Section 1.1. Purpose.
The Corporation’s governance shall follow a polycentric model, in which multiple, semi-autonomous decision centers collaborate to manage common-pool resources (net profits), negotiate inter-divisional allocations, and uphold nested tiers of oversight.

Section 1.2. Core Principles.
a. Distributed Authority: Decision-making power is allocated across division directors and independent directors to prevent concentration of control.
b. Mutual Adjustment: Regular Profit-Allocation Councils shall convene, comprising all seven directors, to resolve jurisdictional overlaps and reallocate net profits across divisions.
c. Nested Governance: Subsidiary entities shall mirror the parent’s structure at a smaller scale, enabling local adaptation within the overarching polycentric system.
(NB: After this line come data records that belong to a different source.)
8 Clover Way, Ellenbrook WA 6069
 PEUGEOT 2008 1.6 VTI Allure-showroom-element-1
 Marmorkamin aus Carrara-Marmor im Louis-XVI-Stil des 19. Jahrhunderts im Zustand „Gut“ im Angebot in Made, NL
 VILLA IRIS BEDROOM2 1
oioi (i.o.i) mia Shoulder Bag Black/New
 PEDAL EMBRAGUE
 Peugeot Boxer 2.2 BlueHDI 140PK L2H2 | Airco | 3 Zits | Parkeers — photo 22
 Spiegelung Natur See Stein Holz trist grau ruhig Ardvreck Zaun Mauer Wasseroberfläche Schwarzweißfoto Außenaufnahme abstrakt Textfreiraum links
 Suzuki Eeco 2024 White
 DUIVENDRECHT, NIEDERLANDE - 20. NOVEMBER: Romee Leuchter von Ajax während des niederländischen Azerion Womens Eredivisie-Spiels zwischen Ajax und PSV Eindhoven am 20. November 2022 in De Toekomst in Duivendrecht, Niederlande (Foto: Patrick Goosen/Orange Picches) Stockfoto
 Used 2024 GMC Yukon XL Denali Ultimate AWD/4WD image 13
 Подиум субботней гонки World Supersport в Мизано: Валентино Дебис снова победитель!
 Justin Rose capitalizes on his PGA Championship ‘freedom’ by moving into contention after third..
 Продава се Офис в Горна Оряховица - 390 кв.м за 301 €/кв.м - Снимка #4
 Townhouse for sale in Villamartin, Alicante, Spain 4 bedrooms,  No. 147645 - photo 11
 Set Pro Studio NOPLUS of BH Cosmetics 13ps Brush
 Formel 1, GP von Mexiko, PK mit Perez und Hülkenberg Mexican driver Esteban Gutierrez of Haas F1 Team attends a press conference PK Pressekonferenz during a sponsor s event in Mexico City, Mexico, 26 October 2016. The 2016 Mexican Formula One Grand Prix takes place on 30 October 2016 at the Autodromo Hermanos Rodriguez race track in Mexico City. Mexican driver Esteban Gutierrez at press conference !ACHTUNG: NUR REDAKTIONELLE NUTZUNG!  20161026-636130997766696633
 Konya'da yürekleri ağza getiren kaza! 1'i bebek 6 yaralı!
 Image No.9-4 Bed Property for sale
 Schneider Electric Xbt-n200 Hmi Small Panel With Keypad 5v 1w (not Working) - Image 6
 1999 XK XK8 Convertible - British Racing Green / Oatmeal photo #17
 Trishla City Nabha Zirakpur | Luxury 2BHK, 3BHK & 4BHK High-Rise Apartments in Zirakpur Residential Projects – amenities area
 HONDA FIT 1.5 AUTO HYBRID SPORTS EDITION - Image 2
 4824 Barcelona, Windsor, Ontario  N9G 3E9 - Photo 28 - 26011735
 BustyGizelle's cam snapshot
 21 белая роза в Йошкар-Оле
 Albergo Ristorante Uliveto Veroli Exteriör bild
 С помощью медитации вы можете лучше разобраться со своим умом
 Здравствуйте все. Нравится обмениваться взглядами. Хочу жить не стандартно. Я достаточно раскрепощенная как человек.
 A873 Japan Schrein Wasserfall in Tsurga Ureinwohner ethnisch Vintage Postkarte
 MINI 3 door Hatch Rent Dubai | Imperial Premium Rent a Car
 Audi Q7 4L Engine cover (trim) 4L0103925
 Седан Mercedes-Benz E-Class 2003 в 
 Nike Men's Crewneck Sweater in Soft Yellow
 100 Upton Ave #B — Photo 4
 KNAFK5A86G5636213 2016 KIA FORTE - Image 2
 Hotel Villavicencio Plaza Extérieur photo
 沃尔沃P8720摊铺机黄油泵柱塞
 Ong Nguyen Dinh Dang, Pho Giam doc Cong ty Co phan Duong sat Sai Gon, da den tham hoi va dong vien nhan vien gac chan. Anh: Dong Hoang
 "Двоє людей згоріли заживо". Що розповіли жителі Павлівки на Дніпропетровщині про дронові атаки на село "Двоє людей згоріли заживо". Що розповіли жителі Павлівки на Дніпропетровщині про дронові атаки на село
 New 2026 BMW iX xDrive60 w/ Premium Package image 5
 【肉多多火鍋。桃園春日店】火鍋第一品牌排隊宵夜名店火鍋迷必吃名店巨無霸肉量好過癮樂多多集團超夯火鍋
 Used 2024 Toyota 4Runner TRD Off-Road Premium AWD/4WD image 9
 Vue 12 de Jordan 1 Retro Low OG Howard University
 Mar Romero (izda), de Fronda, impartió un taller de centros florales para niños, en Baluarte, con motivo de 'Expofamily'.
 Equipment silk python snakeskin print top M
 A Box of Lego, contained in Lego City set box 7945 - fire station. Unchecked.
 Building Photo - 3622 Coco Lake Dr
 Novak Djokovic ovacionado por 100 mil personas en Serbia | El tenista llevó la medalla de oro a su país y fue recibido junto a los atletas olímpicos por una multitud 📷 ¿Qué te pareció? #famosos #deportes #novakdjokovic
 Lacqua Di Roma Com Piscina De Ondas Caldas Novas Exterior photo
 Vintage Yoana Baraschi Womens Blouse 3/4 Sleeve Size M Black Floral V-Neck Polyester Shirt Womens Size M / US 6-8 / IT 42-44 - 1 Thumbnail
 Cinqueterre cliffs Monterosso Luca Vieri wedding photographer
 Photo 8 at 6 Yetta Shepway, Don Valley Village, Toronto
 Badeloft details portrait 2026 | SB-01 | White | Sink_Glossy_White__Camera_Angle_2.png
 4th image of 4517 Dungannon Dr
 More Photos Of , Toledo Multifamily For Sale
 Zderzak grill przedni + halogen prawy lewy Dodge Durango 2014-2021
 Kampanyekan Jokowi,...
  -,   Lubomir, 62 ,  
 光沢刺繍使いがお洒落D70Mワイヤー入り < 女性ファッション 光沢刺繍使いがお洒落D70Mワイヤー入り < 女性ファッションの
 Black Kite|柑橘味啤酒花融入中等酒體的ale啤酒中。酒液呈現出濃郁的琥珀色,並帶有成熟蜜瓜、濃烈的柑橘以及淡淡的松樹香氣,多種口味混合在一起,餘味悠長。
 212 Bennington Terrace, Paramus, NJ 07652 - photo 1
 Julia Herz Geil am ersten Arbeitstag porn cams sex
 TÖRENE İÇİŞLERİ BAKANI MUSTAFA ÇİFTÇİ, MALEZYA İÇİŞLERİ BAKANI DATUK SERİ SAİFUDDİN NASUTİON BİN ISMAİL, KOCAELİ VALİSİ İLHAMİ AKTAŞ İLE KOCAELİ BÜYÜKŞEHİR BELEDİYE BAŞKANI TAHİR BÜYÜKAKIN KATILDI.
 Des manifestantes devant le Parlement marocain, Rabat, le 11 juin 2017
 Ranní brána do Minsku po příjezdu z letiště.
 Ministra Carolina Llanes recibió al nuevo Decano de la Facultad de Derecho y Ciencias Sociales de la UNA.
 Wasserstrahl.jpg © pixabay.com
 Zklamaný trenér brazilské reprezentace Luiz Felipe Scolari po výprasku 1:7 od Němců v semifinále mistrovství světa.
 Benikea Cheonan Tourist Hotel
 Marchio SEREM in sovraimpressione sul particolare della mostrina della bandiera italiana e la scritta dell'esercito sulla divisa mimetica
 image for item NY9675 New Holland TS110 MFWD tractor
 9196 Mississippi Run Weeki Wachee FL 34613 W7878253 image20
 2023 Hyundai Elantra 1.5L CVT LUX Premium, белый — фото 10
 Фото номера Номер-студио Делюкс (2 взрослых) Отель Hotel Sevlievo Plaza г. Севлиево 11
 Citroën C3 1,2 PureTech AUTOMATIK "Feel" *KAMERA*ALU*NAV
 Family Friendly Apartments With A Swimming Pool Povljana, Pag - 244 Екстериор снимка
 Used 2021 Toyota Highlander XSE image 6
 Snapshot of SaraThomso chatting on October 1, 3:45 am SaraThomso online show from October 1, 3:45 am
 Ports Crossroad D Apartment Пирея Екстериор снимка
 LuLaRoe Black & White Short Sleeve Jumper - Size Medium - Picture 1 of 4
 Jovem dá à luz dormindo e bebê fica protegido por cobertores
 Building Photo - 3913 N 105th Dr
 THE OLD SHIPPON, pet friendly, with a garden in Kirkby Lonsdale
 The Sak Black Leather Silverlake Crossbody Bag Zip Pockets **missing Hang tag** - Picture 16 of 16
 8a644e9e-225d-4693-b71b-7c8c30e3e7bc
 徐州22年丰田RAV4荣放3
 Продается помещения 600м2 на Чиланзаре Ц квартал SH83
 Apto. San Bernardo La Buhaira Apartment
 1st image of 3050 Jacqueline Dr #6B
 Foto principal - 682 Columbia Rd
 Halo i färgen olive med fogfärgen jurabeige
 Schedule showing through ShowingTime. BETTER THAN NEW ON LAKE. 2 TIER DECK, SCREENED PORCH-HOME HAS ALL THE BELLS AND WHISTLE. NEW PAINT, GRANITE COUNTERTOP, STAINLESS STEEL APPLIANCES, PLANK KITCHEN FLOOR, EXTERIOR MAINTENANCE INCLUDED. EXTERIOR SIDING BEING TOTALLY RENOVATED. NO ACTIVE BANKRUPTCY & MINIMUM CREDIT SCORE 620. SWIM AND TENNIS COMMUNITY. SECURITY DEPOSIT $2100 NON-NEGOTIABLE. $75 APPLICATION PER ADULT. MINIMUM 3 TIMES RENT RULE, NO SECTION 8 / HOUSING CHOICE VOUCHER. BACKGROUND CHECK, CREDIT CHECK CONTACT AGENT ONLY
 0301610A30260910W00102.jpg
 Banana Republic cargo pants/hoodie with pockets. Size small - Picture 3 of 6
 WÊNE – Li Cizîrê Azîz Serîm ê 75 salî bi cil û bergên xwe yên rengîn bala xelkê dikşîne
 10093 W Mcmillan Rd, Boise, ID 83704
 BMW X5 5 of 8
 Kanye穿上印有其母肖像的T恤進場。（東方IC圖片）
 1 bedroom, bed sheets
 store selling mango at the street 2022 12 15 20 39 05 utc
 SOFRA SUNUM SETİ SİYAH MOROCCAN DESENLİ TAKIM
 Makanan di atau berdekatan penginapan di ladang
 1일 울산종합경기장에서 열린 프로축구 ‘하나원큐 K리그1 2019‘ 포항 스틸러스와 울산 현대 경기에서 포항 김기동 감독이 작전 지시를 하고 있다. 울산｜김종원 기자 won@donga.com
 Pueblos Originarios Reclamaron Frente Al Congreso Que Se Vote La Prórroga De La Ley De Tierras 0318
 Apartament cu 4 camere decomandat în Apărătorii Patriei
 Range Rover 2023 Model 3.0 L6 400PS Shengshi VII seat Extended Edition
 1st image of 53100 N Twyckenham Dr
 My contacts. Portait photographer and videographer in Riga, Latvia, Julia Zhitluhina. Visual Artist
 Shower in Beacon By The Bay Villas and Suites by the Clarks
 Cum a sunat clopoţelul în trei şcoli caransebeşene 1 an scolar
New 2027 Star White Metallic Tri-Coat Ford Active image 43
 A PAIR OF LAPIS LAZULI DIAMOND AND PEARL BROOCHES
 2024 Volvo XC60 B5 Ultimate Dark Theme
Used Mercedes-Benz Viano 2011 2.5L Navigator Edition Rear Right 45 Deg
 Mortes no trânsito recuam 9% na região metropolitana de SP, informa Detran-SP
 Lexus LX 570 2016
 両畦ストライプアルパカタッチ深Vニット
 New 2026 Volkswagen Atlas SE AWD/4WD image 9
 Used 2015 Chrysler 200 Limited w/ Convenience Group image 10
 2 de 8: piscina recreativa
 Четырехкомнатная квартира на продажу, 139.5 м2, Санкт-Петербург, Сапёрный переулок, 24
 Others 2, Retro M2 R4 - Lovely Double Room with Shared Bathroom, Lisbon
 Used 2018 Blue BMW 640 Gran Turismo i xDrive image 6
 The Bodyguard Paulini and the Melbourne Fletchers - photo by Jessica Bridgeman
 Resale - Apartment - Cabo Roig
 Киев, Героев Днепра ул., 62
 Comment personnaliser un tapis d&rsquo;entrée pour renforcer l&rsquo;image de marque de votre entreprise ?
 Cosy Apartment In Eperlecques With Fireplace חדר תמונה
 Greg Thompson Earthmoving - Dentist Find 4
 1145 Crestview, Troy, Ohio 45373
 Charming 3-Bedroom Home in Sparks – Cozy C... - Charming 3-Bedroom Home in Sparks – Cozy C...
Article II. Governance of the Commons Corporation

Section 2.1. Board Composition.
The Board of Directors shall consist of seven members, designated as follows:

  1. Executive-Designated Director – Appointed by the Executive Director of the Commons Corporation.
  2. Subsidiary-Designated Director – Appointed by the governance council of the primary for-profit subsidiary.
  3. Benefits Director – Nominated and elected by present workers, exercising full authority over the Benefits Division.
  4. Pensions Director – Nominated and elected by past workers, exercising full authority over the Pensions Division.
  5. Acquisitions Director – Elected by the Executive-Designated, Subsidiary-Designated, and Benefits Directors.
    6–7. Independent Directors (2) – Nominated and elected by the other five directors to provide external oversight and subject-matter expertise.

Section 2.2. Term and Removal.
Each director serves a three-year term, renewable once. Removal for cause requires a supermajority vote of the other six directors.

Section 2.3. Profit-Allocation Councils.
A quarterly council of all seven directors shall review subsidiary performance and allocate net profits across the five divisions, employing majority voting with ties broken by the Executive-Designated Director.

Article III. Governance of Subsidiary Entities

Section 3.1. Subsidiary Board Composition.
Each subsidiary shall be governed by a three-member Board comprising:

  1. Workers Director – Elected by the subsidiary’s present workers.
  2. Independent Director – Elected by the parent Corporation’s seven directors.
  3. Subsidiary Director – Appointed by the Subsidiary President.

Section 3.2. Nested Polycentricity.
Subsidiary councils exercise autonomous oversight of subsidiary operations and participate in parent profit-allocation processes as non-voting advisors, preserving local decision-making within the broader polycentric network.

Article IV. Appointment of Multiple Subsidiary Directors

Section 4.1. Joint Election.
When more than one subsidiary exists, the Subsidiary Director for each new subsidiary shall be elected by a majority of all existing subsidiary governance councils, each council holding one vote.

Section 4.2. Default Appointment.
If no candidate secures a majority within 60 days of a vacancy, the first-established subsidiary shall appoint the Subsidiary Director until a formal election occurs.